The defense ministry did not comment, though sources close to Ya'alon said "the aim was to meet with the security echelon, and that was what happened."
Ya'alon arrived on Tuesday to meet his counterpart, Secretary of Defense Chuck Hagel, and American intelligence officials. The Obama administration, however, refused the Israeli defense minister's request to meet with other top officials, including Vice President Joe Biden, Secretary of State John Kerry, and the National Security Advisor Susan Rice.
The rejection was diplomatic blowback from Ya'alon's remarks on Kerry, which were first revealed by Yedioth Ahronoth. The Israeli politician had called the top US diplomat "messianic and obsessive" behind closed doors, adding that "the only thing that could save us is Kerry winning a Nobel Peace Prize and leaving us alone."

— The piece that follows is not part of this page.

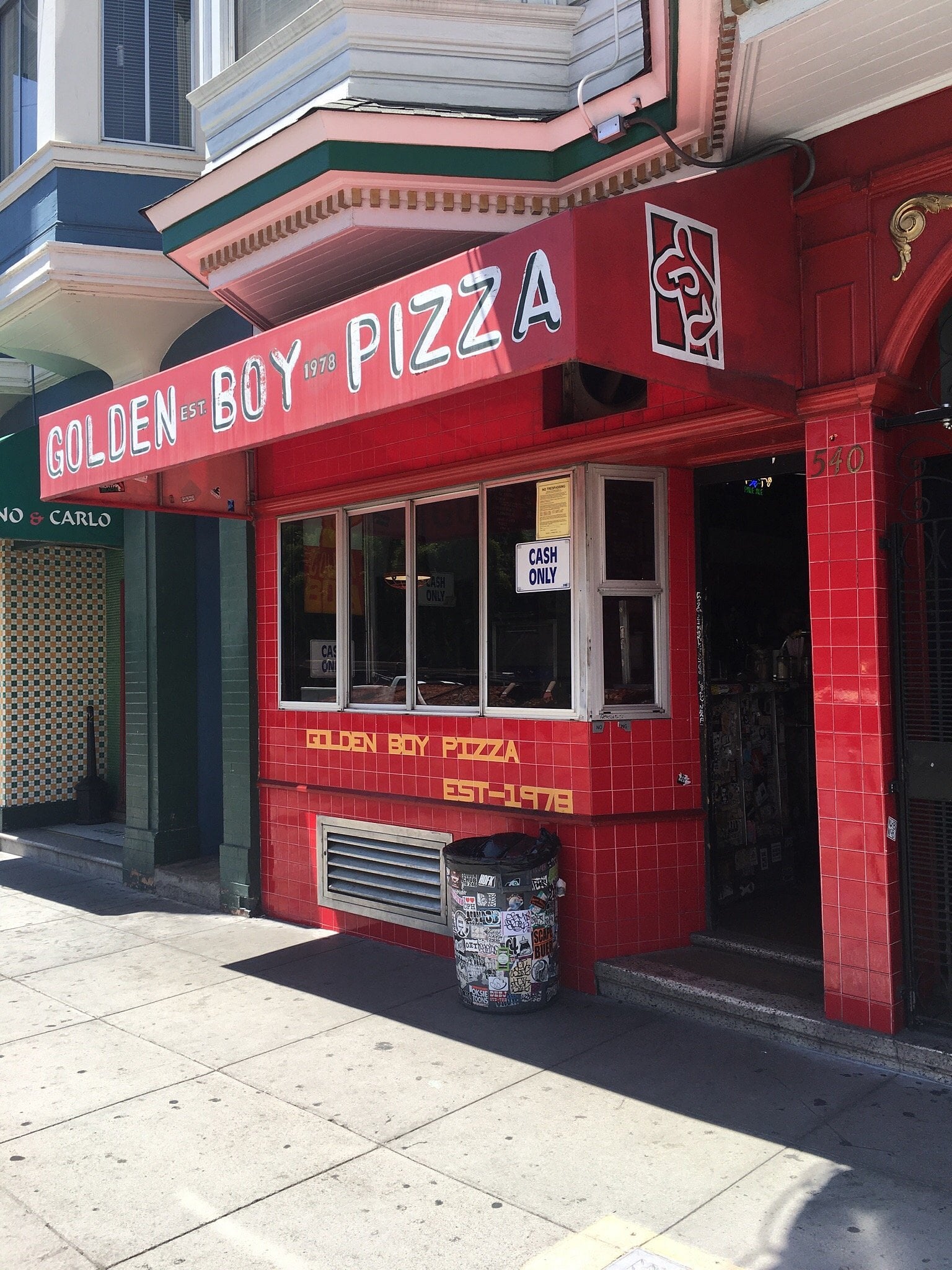 Golden Boy Pizza storefront with a red tiled exterior, a large red awning, and a sticker-covered trash can on the sidewalk.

Unlike his predecessor in the job, Ehud Barak – who used to make diplomatic overtures during his Washington visits – the US administration refused to set any such meetings for Ya'alon.

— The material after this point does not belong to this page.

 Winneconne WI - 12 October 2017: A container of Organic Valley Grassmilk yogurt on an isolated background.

Previous defense ministers would often be honored by drop-in visit by the president, who would stop to chat with the Israeli guest even without an appointment – Ya'alon did not receive such a gesture.
On the diplomatic front, Ya'alon met with the US ambassador to the UN, Samantha Power, the only other key official to sit down with the Israeli defense minister aside from Hagel. But he received little respite from the sour reception, as Power emphasized her grievance with settlement construction beyond the Green Line.
The defense ministry did not issue an official response. Sources close to Ya'alon said that "the aim of the trip was to meet with Hagel and the top security echelon in the US, and that happened. These meetings proved once again the strength of the ties between the defense establishments and between Ya'alon and Hagel."